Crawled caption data
_ _ _

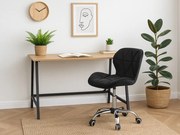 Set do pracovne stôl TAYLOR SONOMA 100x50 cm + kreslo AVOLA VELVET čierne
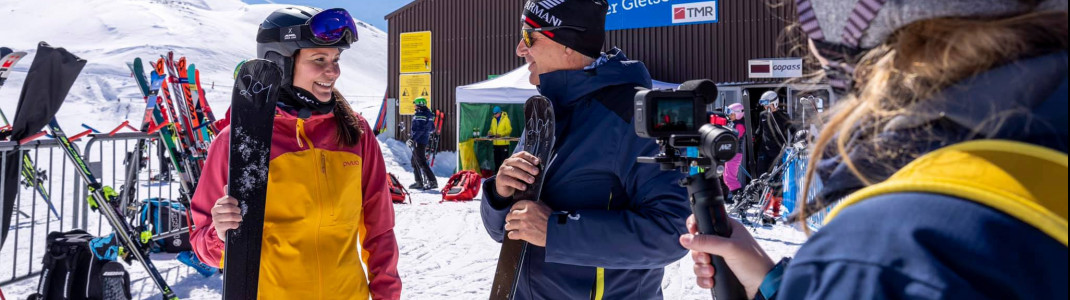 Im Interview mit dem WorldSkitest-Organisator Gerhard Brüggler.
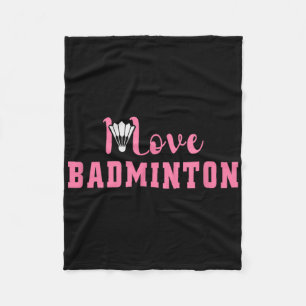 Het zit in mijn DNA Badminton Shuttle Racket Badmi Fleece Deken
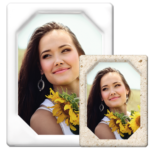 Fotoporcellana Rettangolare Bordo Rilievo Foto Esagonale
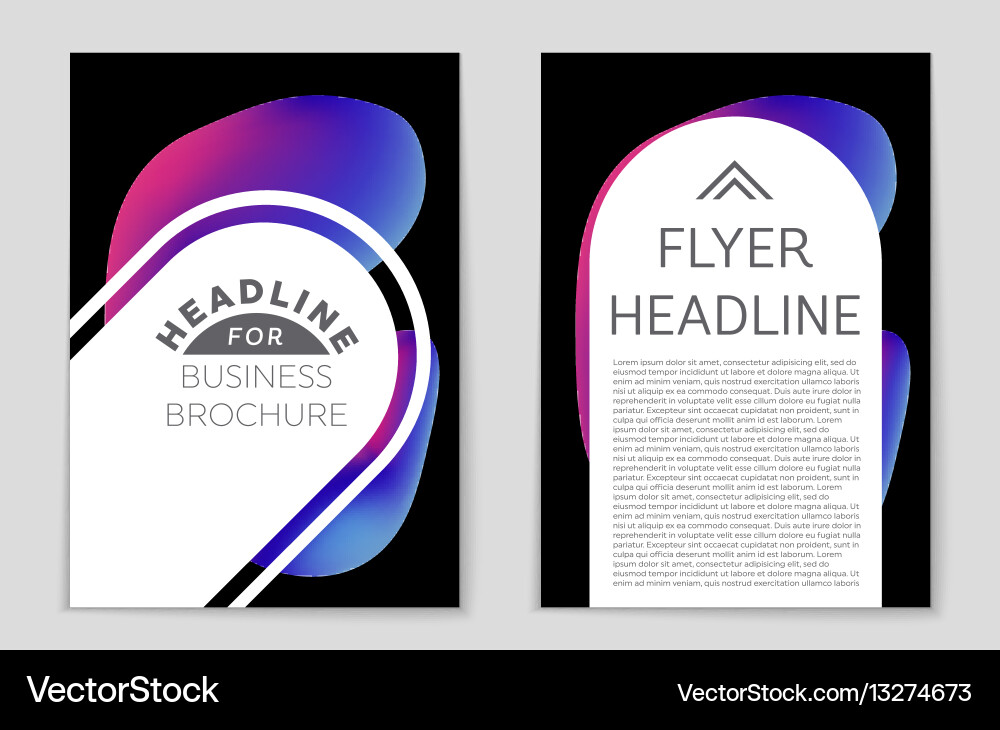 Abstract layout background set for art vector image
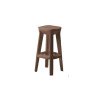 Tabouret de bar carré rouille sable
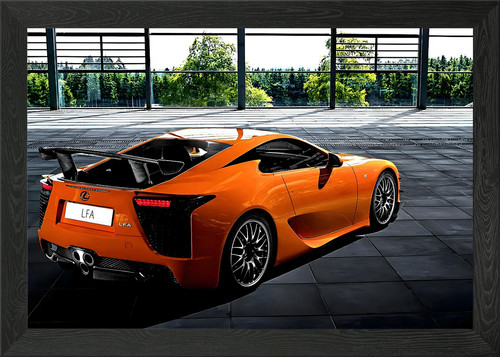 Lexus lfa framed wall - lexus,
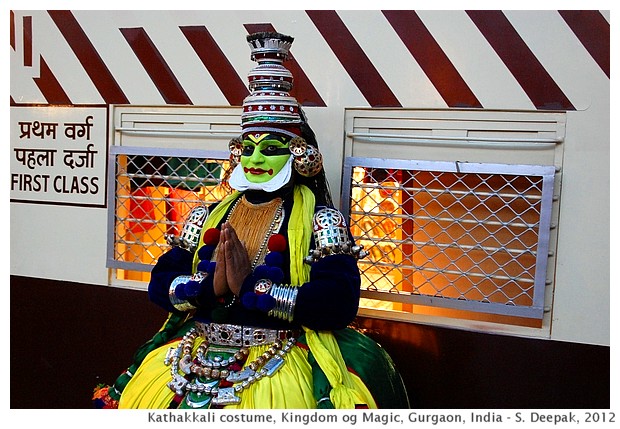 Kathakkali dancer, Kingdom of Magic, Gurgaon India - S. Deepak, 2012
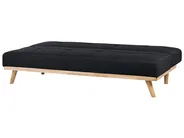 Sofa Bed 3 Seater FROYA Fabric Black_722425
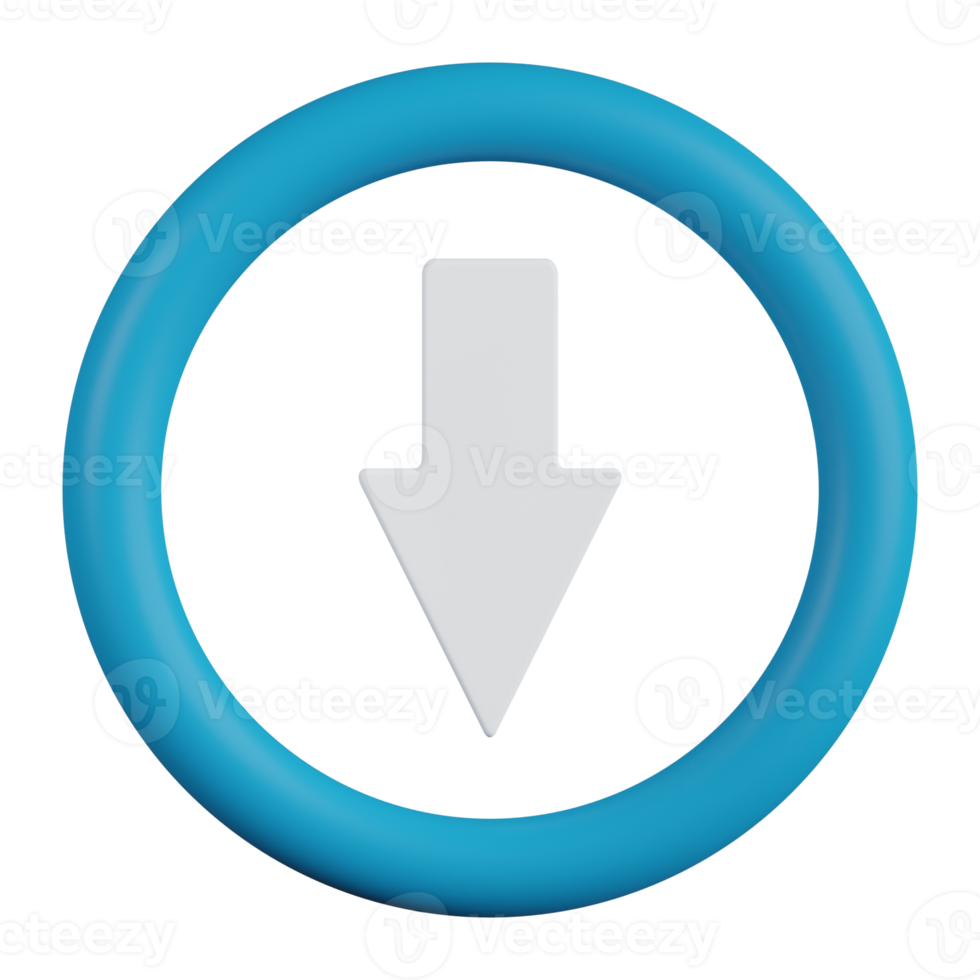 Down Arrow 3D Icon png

_ _ _

== Brief ==
Lines from the one with "Abstract layout background" through the final line of the records are the whole answer; print them exactly, minus any pictures.

== Written reply ==
 Abstract layout background set for art vector image
 Tabouret de bar carré rouille sable
 Lexus lfa framed wall - lexus,
 Kathakkali dancer, Kingdom of Magic, Gurgaon India - S. Deepak, 2012
 Sofa Bed 3 Seater FROYA Fabric Black_722425
 Down Arrow 3D Icon png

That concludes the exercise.